Challenging Negative Thoughts
Stop being so negative! Are these words familiar to you? Everyone has negative thoughts from time to time. Negative thinking is helpful when it protects us from dangerous situations or motivates us to complete tasks. However, when our negative thoughts become constant and unrealistic, they become what is known as a cognitive distortion. Cognitive distortions are sometimes called ‘thought errors’ and can quickly become a habit. Once you can identify automatic negative thoughts you can start to challenge them!
What are some common thinking errors?
All-or-Nothing Thinking: Sometimes referred to as black-and-white thinking, these thoughts conclude that a situation is either good or bad, with nothing in between. Imagine you are a star student expecting to receive a good grade on a paper you worked hard on. You receive your grade and see that your teacher gave you a C on the paper. A black-and-white thought might be “I did not receive an A on this paper, I’m such a failure.” Challenge this thought: Ask yourself is it that bad, or am I seeing things in black and white? How else can I think about this situation? What would my friend say about this situation?
Overgeneralizing: Overgeneralizing is very similar to exaggerating, it is assuming that something is true in all cases because it was true in one case. For example, imagine yourself presenting in front of your class. After the presentation, you are feeling a little uncomfortable, and you label yourself as being ‘awkward.’ An overgeneralization would be “I was so awkward during my presentation. I am always so awkward.” Challenge this thought: Ask yourself if you are overgeneralizing the situation. List both the facts of the situation as well as your interpretation to see the full picture.

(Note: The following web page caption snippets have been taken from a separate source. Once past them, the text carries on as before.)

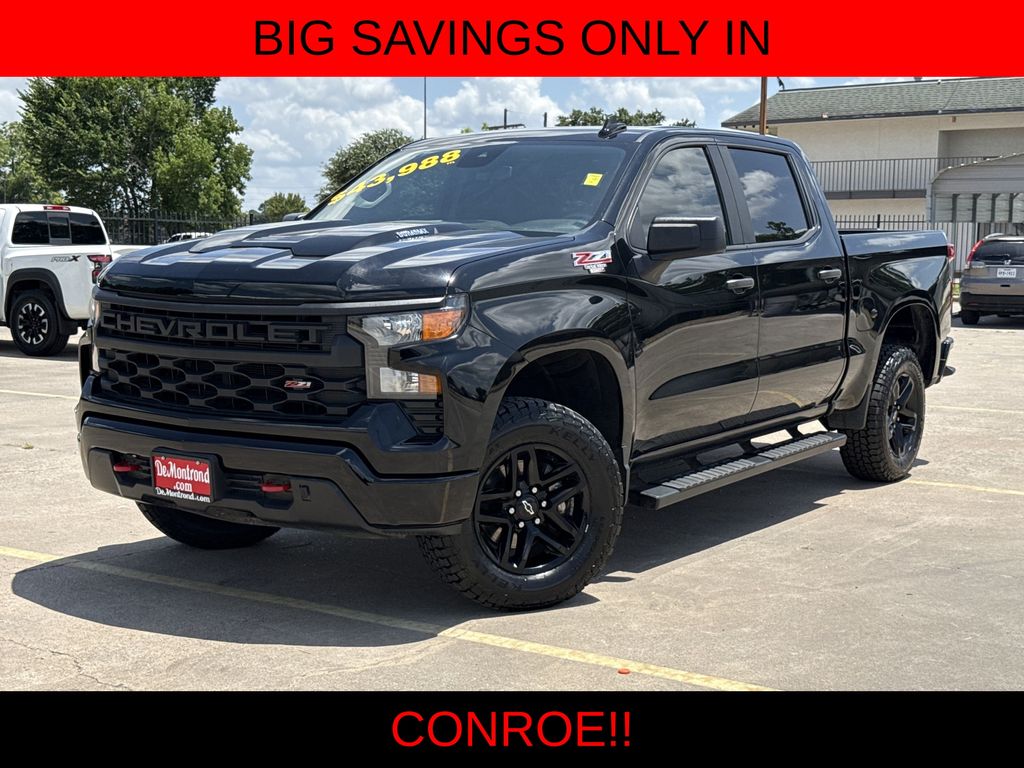 2023 Chevrolet Silverado 1500 Custom Trail Boss - 0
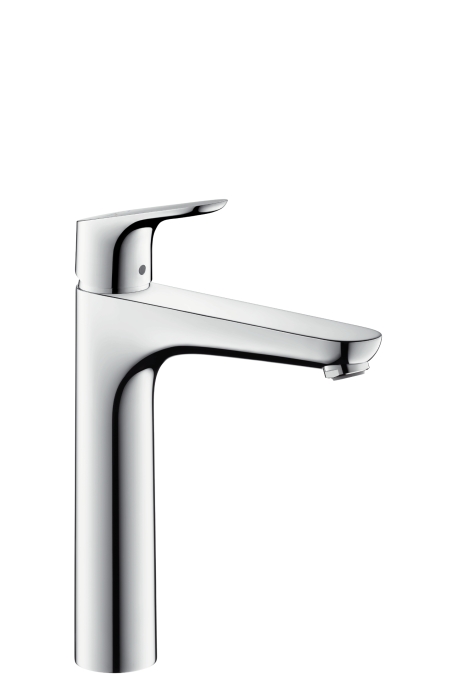 Hansgrohe Focus - páková umyvadlová baterie 190 s odtokovou soupravou s táhlem 31608000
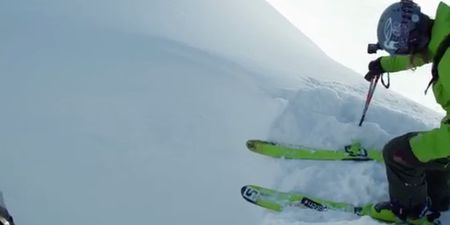 VIDEO: Ridiculous skiing video is one part amazing to two parts terrifying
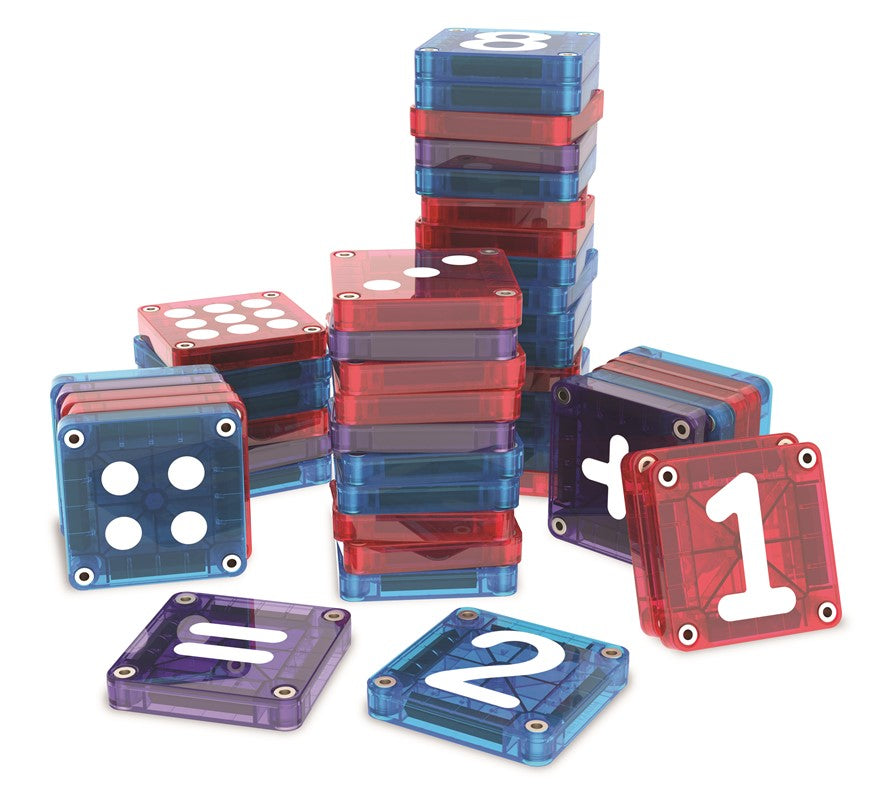 Juego de Construcción MAGNA-T Learn Numbers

Mind Reading: Have you ever passed someone at school or in a store and thought they were giving you a strange look? Maybe you assumed that they were judging you, or that they disliked you for a reason unknown to you. When you tell someone a joke, and they laugh, you may conclude that they found your joke funny. These are all examples of mind-reading. Mind-reading can be harmful when it always assumes the worst. Challenge this thought: Don’t assume you know what others are thinking. Instead ask yourself: how do I know what this person is thinking? Does assuming I know what they are thinking mean that I am right?

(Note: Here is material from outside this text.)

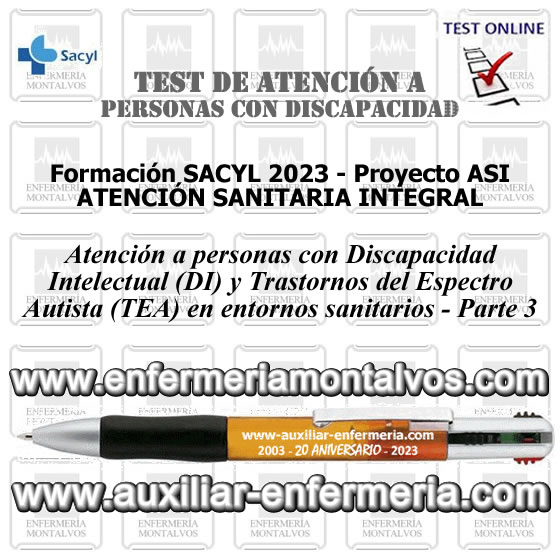 Nuevo Test Online sobre Atención a personas con Discapacidad Intelectual (DI) y Trastornos del Espectro Autista (TEA) en entornos sanitarios - Parte 3... GAkqExrXIAAORwz?format=jpg&name=small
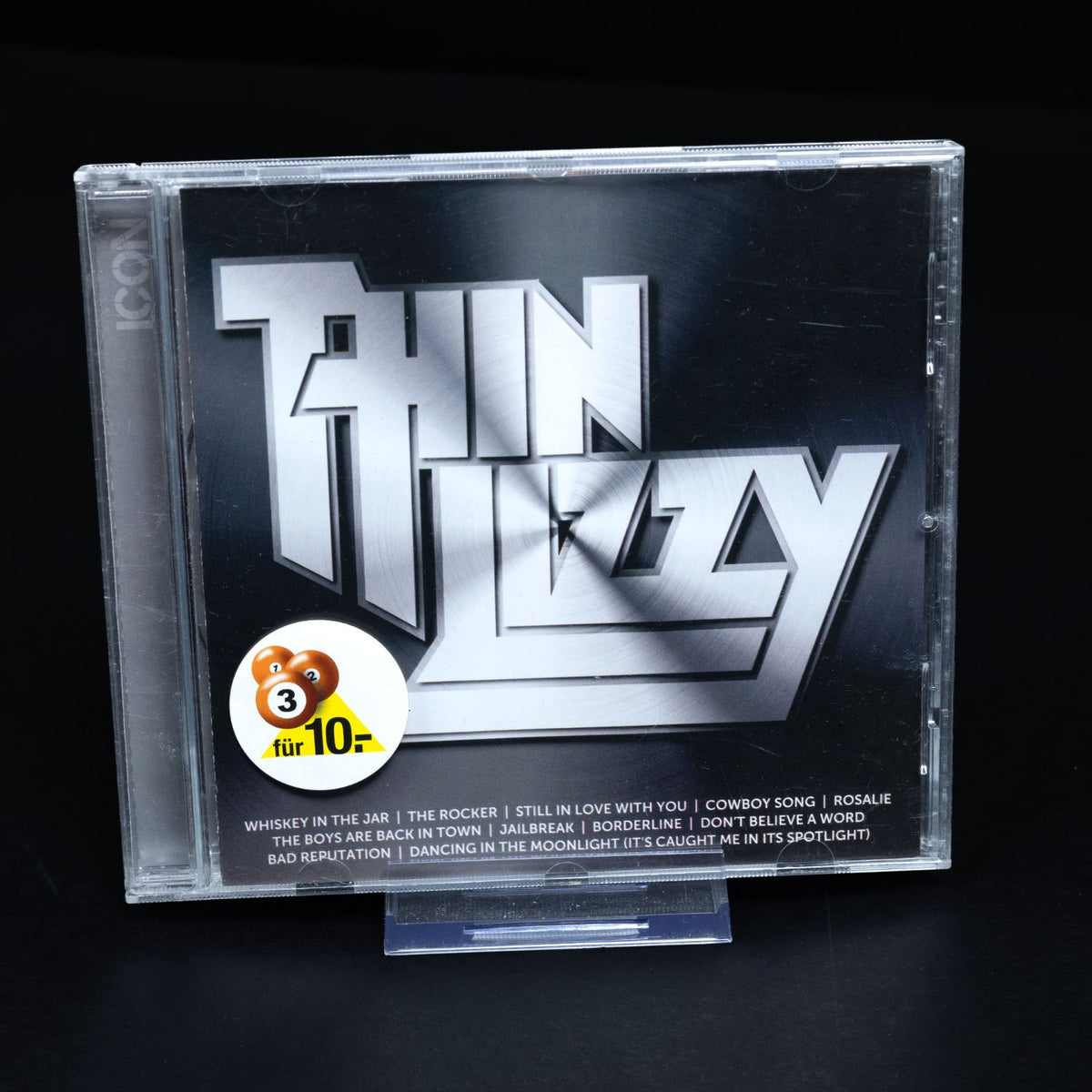 Thin Lizzy - Icon - CD - Rock - Album - NM/NM - Gebraucht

Catastrophizing: Sometimes called magnifying, this thinking error turns little problems into big problems. An example of catastrophizing: “My friend has not answered my text yet, I must have said something to upset them and now they no longer want to be my friend.” Challenge this thought: Try to state only the facts of what you are facing. Instead of the thought shared above, you could tell yourself “My friend has not answered my text message, but that does not mean they are upset with me. If they are upset with me, I can do my best to talk to them about the issue and repair the friendship.”
As you learn to challenge automatic thoughts, be patient with yourself. It is okay to say at one point in time mind-reading was a coping skill you used while interacting with an unpredictable person in your life. Or maybe you began catastrophizing after going through a traumatic event as a way to protect yourself from further harm. Remember that automatic negative thoughts don’t change overnight. It takes time and practice to create new thought patterns!
Do you find yourself falling into the trap of these thinking errors? How do you challenge your negative thoughts?